Fangqin Wan, a graduate student at the University of Illinois, walks for Yingying Zhang, a Chinese scholar who went missing three weeks ago, Thursday, June 29, 2017, in Urbana, Ill. (Photo: AP)

CHICAGO (AP) — A website that hosted an "Abduction 101" forum linked to a 28-year-old suspect in the kidnapping of a Chinese scholar in at the University Illinois bills itself as the most popular sexual fetish site on the internet and has faced pressure over recent months to be clearer about not tolerating behavior that could be viewed as criminal.

Brendt Allen Christensen, who earned a master's degree in physics from U of I, is charged in the June 9 abduction of 26-year-old Yingying Zhang, who investigators believe is dead. The federal complaint says Christensen's phone was used on April 19 to visit the FetLife.com forum, including to view threads entitled "Perfect abduction fantasy" and "planning a kidnapping."

Christensen remains in custody and is due to make an initial appearance in a U.S. District Court on Monday. The Champaign, Illinois, man was arrested and charged on Friday after agents heard him on an audio recording telling someone he had kidnapped Zhang and held her against her will.

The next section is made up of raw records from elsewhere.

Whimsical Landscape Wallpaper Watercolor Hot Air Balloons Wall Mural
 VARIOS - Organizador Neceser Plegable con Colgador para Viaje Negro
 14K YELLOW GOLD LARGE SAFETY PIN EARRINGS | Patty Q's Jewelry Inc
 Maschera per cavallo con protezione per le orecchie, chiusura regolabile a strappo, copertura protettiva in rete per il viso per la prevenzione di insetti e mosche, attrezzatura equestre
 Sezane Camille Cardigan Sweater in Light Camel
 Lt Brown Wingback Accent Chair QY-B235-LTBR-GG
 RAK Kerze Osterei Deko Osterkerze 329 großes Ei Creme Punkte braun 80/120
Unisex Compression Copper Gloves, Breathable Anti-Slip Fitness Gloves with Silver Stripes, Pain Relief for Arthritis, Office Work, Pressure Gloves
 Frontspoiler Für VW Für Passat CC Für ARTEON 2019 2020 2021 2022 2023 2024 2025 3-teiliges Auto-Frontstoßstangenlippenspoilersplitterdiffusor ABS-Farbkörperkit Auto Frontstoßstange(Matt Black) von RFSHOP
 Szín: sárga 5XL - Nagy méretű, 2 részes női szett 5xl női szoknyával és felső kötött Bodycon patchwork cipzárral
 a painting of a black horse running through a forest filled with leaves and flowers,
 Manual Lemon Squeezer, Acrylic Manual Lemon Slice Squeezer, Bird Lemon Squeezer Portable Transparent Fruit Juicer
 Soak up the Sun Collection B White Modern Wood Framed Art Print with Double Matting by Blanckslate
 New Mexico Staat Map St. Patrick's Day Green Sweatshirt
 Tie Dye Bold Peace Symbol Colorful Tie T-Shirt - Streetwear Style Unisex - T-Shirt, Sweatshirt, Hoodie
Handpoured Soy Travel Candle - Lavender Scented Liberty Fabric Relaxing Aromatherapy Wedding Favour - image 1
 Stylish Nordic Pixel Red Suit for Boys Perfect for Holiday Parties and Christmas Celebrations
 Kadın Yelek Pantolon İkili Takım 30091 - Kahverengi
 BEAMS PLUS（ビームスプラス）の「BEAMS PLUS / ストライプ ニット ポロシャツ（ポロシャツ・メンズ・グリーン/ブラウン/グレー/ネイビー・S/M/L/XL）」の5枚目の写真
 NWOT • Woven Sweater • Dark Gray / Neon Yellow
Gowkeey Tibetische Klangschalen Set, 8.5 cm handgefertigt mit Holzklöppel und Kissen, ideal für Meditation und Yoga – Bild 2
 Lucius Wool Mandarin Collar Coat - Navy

FetLife describes itself as "the Social Network for the BDSM, Fetish & Kinky Community," stressing in online policy statements that it is a place for consenting adults to trade advice and images of themselves, and to arrange to meet. Established in 2008 by Canadian software developer John Baku, it now claims more than 5 million registered members.

The website early this year prohibited hundreds of fetishes after FetLife was cited in a few criminal cases, including one in Australia, Baku said in a February note to members. He said that, among other things, he wanted to reduce any legal liability and risks to the wider community.

As of Sunday, however, the site still included multiple forums on abduction fantasies and the group, "Abduction Play," had more than 78,000 members who had expressed interest in the topic. Among the current threads was one called, "Tools of the Kidnapper" and another titled, "Original kidnapping Play."

Ronggao Zhang, center, father of missing Yingying Zhang, listens as he joins, from left, Yingying's best friend, Yige Yang, aunt Liqin Ye and boyfriend, Xiaolin Hou, far right, for an interview at The News-Gazette in Champaign, Ill.
Ronggao Zhang, center, father of missing Yingying Zhang, listens as he joins, from left, Yingying's best friend, Yige Yang, aunt Liqin Ye and boyfriend, Xiaolin Hou, far right, for an interview at The News-Gazette in Champaign, Ill.

One registered member who commented in the kidnapping forum agreed that anyone who engages in such a fantasy must first provide consent. But the person goes on: "I enjoy the knowledge that I COULD do anything I wanted to them. I'm well aware that once I render them helpless, their very life is in my hands."

Anyone can register on the site and become a member immediately. Users give their ages, genders and roles they wish to play, but otherwise remain anonymous.

Detailed policy guidelines on the site stress that any interaction online or in person with members must be between adults and consensual.

"FetLife's community is ... open-minded and non-judgmental," it says, adding, "Our number one priority is to create a fun and safe place for kinksters."

Neither FetLife nor Baku responded to messages seeking comment.